#### What you should do:
Print the records below exactly as they appear. Omit all pictures.

----------------

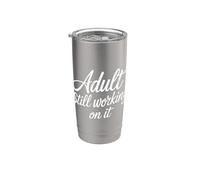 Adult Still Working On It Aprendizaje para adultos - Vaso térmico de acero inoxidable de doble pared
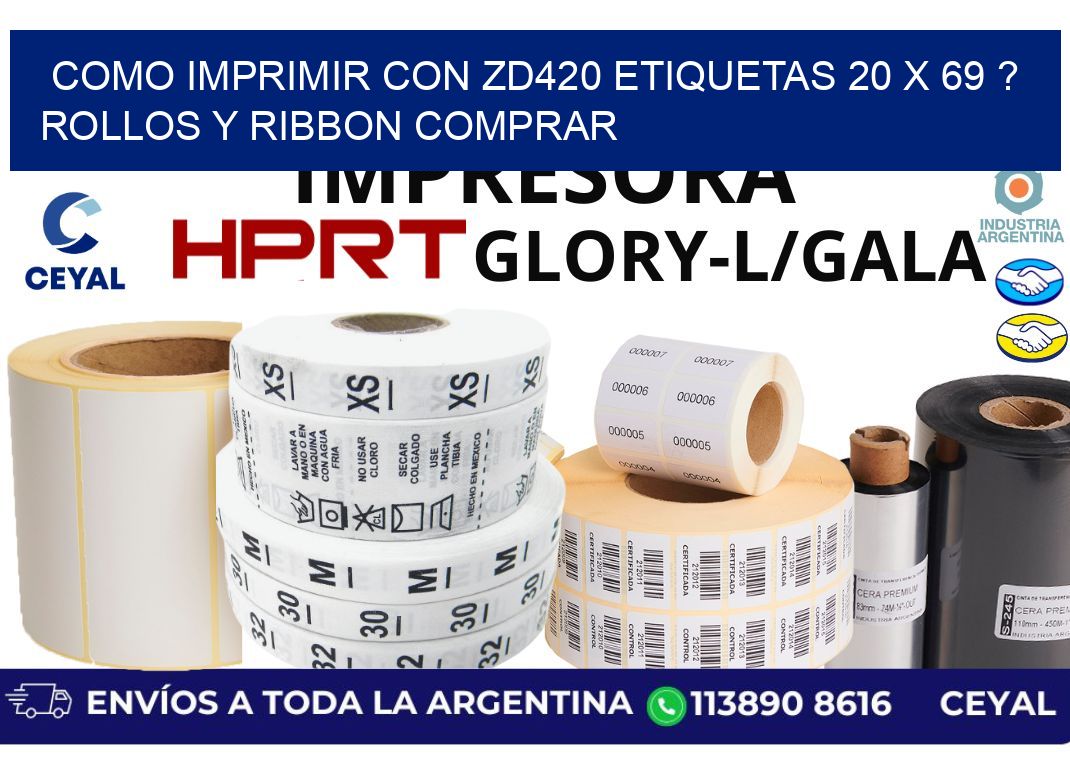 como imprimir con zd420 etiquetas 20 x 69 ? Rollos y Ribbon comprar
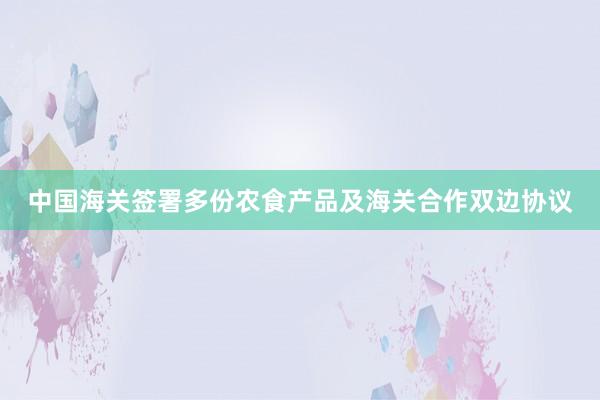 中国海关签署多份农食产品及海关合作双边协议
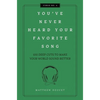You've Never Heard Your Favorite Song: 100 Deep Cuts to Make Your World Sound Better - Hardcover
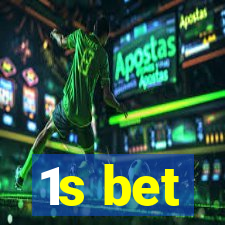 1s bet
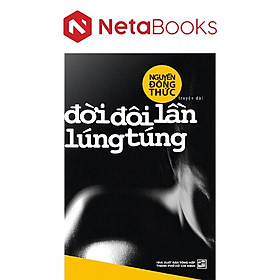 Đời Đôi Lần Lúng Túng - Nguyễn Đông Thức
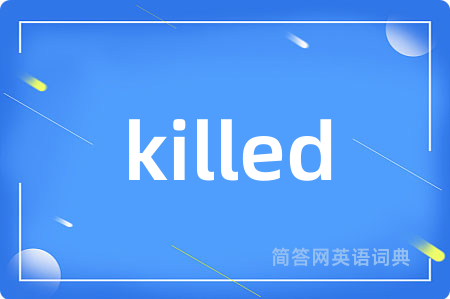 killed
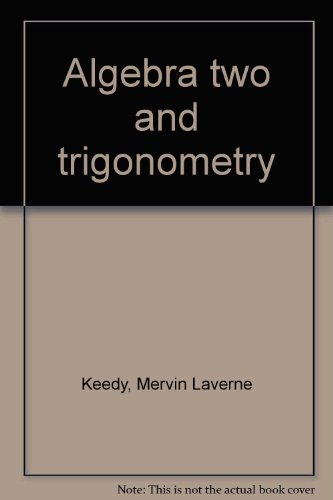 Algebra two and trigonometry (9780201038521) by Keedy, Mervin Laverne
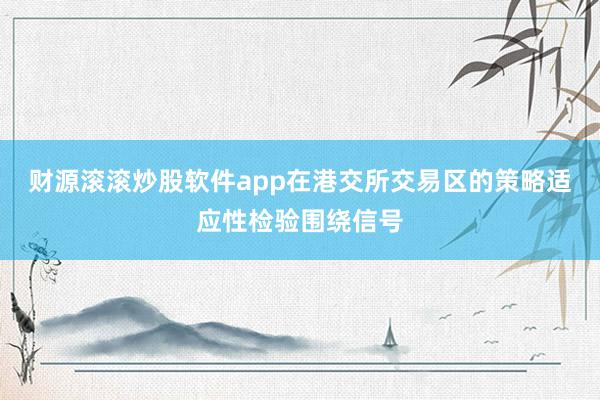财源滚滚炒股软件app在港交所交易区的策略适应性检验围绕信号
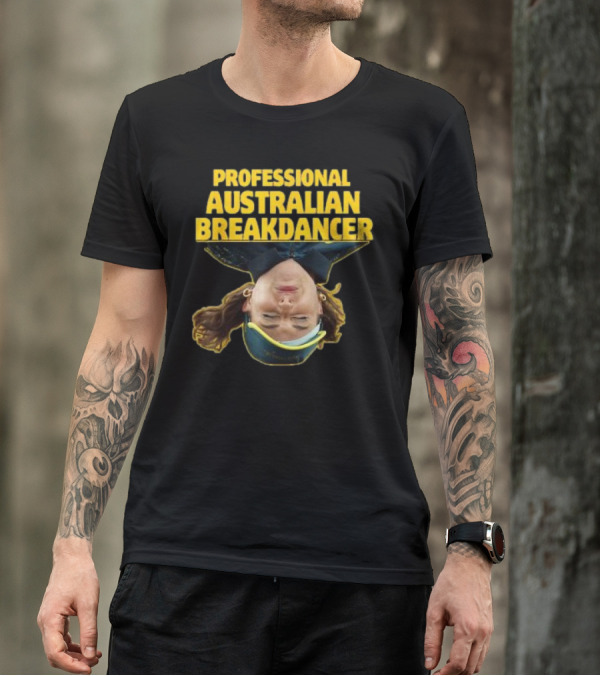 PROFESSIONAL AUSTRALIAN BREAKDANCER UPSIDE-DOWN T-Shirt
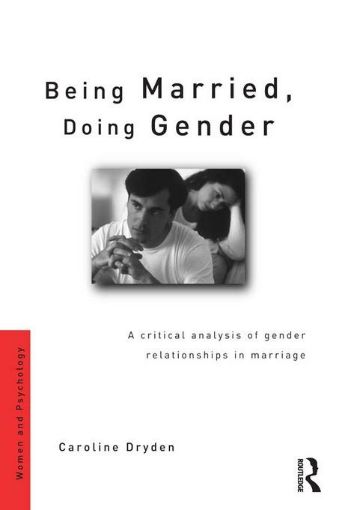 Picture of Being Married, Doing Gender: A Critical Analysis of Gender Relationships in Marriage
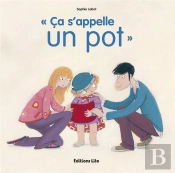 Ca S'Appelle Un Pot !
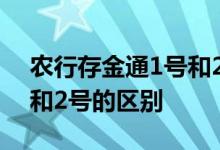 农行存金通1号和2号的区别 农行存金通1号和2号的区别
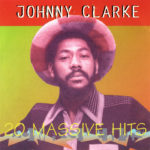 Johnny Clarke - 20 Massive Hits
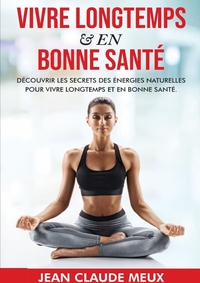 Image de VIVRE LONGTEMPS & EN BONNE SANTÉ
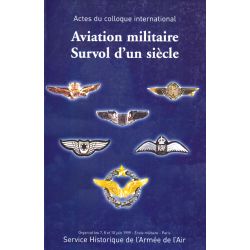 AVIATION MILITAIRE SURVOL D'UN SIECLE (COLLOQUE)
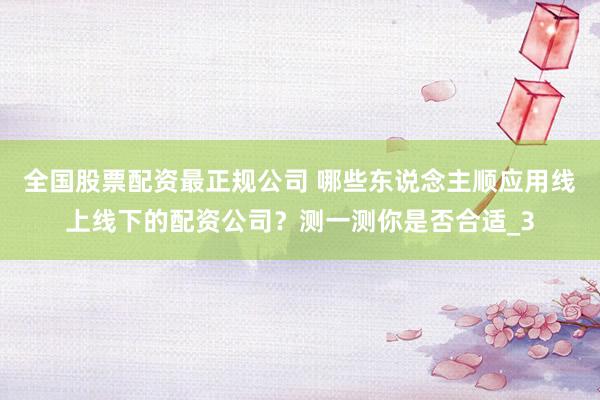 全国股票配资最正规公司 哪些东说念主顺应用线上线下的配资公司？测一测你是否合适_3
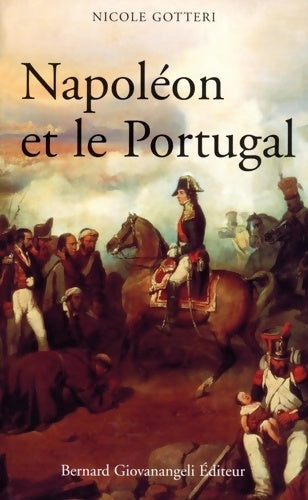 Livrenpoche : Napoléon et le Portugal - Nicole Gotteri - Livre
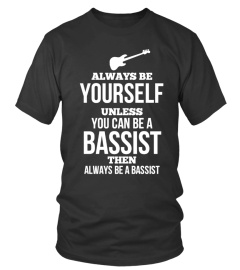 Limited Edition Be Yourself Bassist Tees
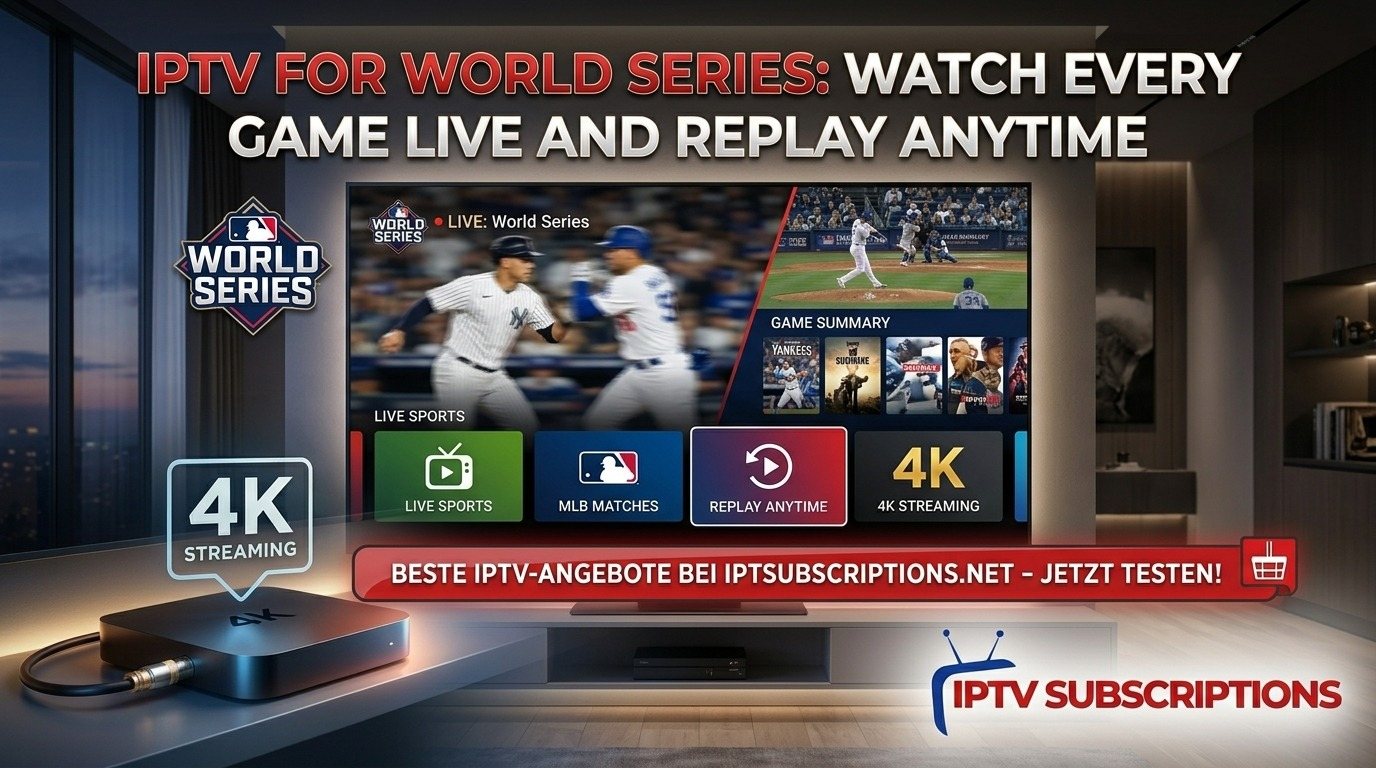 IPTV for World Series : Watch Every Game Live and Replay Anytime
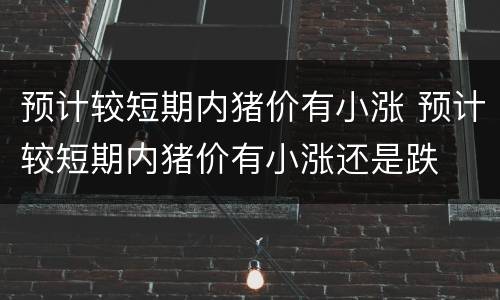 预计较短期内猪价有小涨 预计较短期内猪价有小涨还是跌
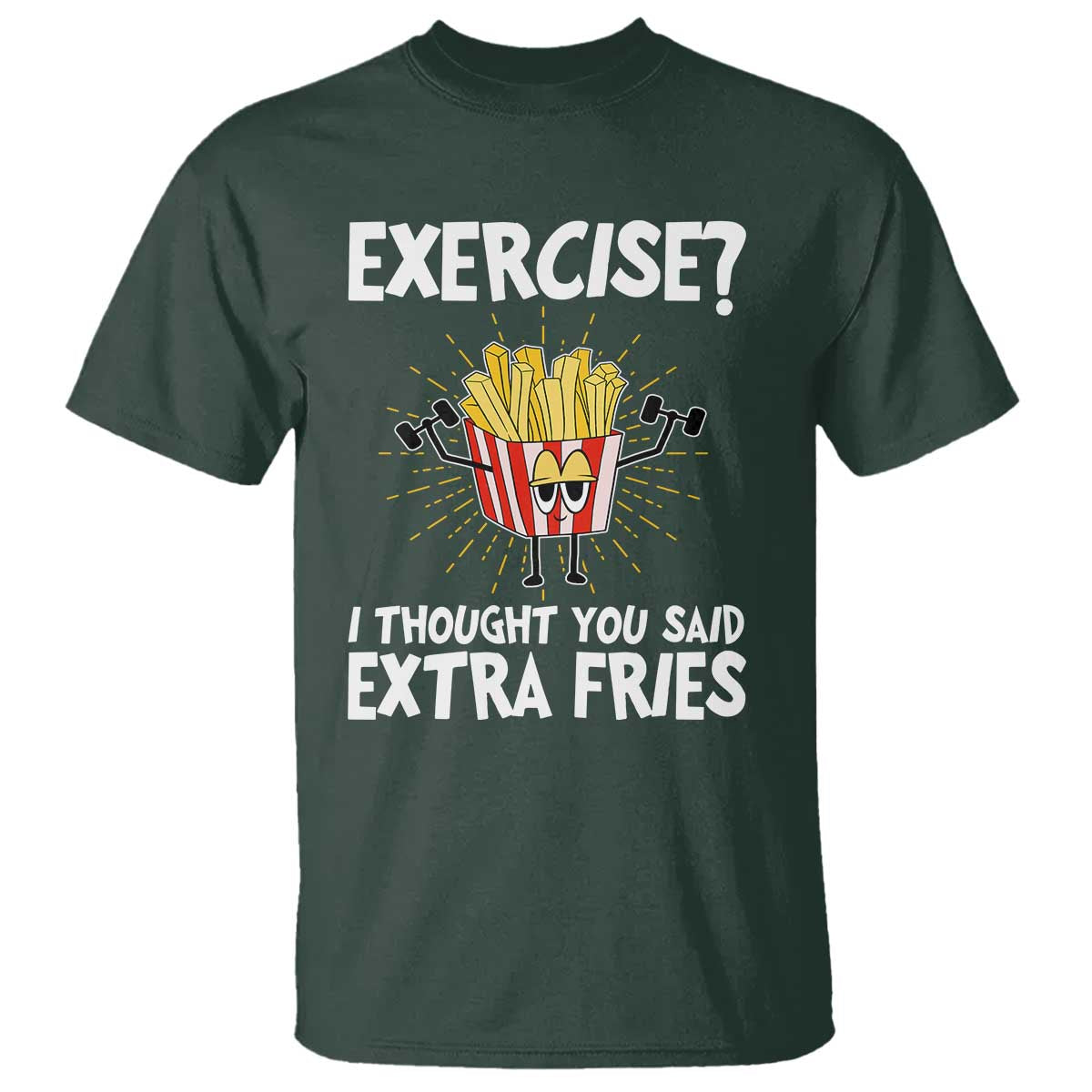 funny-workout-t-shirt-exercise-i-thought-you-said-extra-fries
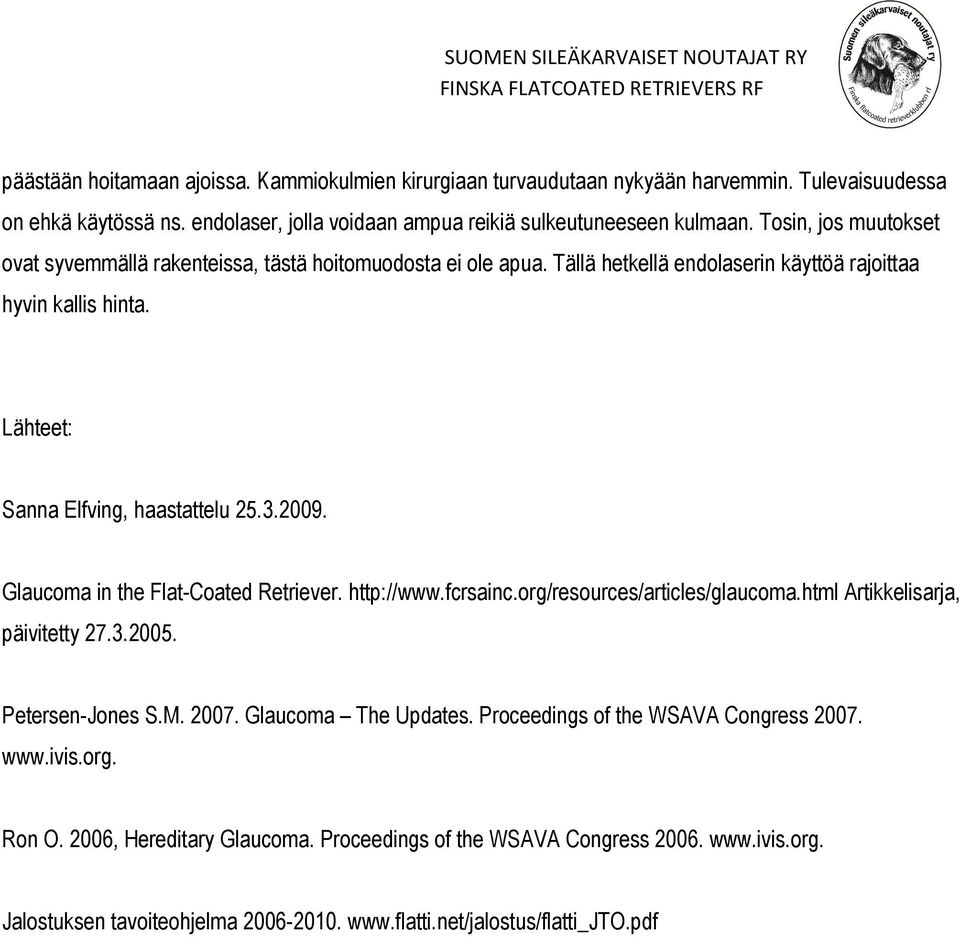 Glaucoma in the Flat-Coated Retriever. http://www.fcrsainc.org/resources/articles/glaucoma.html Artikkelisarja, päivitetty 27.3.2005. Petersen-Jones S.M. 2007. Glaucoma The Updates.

----------------

#### Exercise solution:
 Adult Still Working On It Aprendizaje para adultos - Vaso térmico de acero inoxidable de doble pared
 como imprimir con zd420 etiquetas 20 x 69 ? Rollos y Ribbon comprar
 中国海关签署多份农食产品及海关合作双边协议
You've Never Heard Your Favorite Song: 100 Deep Cuts to Make Your World Sound Better - Hardcover
 1s bet
 Đời Đôi Lần Lúng Túng - Nguyễn Đông Thức
 killed
 Algebra two and trigonometry (9780201038521) by Keedy, Mervin Laverne
财源滚滚炒股软件app在港交所交易区的策略适应性检验围绕信号
 PROFESSIONAL AUSTRALIAN BREAKDANCER UPSIDE-DOWN T-Shirt
 Picture of Being Married, Doing Gender: A Critical Analysis of Gender Relationships in Marriage
 Ca S'Appelle Un Pot !
 农行存金通1号和2号的区别 农行存金通1号和2号的区别
 Johnny Clarke - 20 Massive Hits
 Image de VIVRE LONGTEMPS & EN BONNE SANTÉ
 AVIATION MILITAIRE SURVOL D'UN SIECLE (COLLOQUE)
 全国股票配资最正规公司 哪些东说念主顺应用线上线下的配资公司？测一测你是否合适_3
 Livrenpoche : Napoléon et le Portugal - Nicole Gotteri - Livre
 Limited Edition Be Yourself Bassist Tees
 IPTV for World Series : Watch Every Game Live and Replay Anytime
 预计较短期内猪价有小涨 预计较短期内猪价有小涨还是跌
 funny-workout-t-shirt-exercise-i-thought-you-said-extra-fries
 Glaucoma in the Flat-Coated Retriever. http://www.fcrsainc.org/resources/articles/glaucoma.html Artikkelisarja, päivitetty 27.3.2005. Petersen-Jones S.M. 2007. Glaucoma The Updates.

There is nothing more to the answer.